Lisa Wieland, BACK TO THE ROOTS

Fotos von Elias Jerusalem
Verlag Johannes Heyn, Klagenfurt, 2019, 288 Seiten, 39.90 Euro
ISBN 978-3-7084-0629-9
Vorgekostet

Heute reisen wir nach ENGLAND.

In London besuchen wir Lisa Wieland, eine junge Köchin, die mit ihren 28 Jahren bereits auf eine atemberaubende Karriere zurückblicken kann. Am Anfang verbrachte Klein-Lisa viel Zeit in Oma Ingrids Küche. Ingrid Wieland betrieb in einem Kärntner Bergdorf ein Landgasthaus. Dort wurde mit lokalen Produkten gekocht, natürlich viele aus dem eigenen Garten, und man achtete und schätzte saisonale Qualität. Das prägte die Enkelin und weckte bei ihr das Interesse fürs Kochen. Nach der Kochlehre auf der Turracher Höhe beim Hochschober ging es zum ersten Mal in die weite Welt: nach London, von dort nach Mallorca, dann nach Dubai und weiter über den großen Deich nach Beverly Hills, hinein in die Traumfabrik Hollywood. Zusammen mit Wolfgang Puck kochte die Hüttenbergerin für die Oscar-Verleihung. Puck schaffte in der Gastronomie das, was Schwarzenegger im Film- und Politmetier erreichte. Mehr noch. Er ist nicht nur weltberühmt; er baute ein Restaurant-Imperium mit über 5.000 MitarbeiterInnen auf.

Und Lisa Wieland ist heute die Küchenchefin des Londoner Nobelrestaurants CUT at 45 Park Lane von Wolfgang Puck. Dort herrschen andere Gesetze, vor allem preislicher Natur. Ein Omelette kann da schon 24.- Euro kosten, aber das soll uns hier nicht beschäftigen.

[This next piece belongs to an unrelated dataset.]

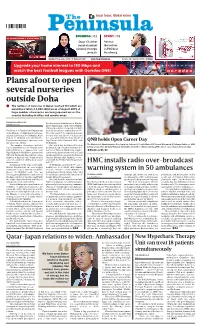 Plans Afoot to Open Several Nurseries Outside Doha the Number of Nurseries in Qatar Reached 191 Which Are Enrolling a Total of 4,858 Children As of August 2019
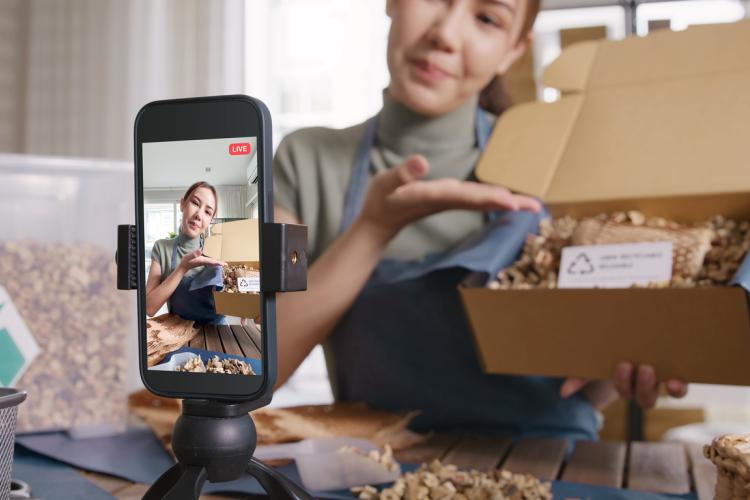 Woman selling on social media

Unser Augenmerk gilt Lisa Wieland. Ihre Herdstationen zeigen vor allem, wie breit gefächert ihre Kocherfahrungen bereits sind. Dabei vergisst sie nicht ihre Wurzeln. Den Beweis angetreten ist sie mit einem Kochbuch, ihrem ersten. Back to the roots, im Verlag Johannes Heyn eben herausgekommen, ist eine Zäsur; ein Rückblick auf Omas Rezepte, verfeinert mit internationalem Flair.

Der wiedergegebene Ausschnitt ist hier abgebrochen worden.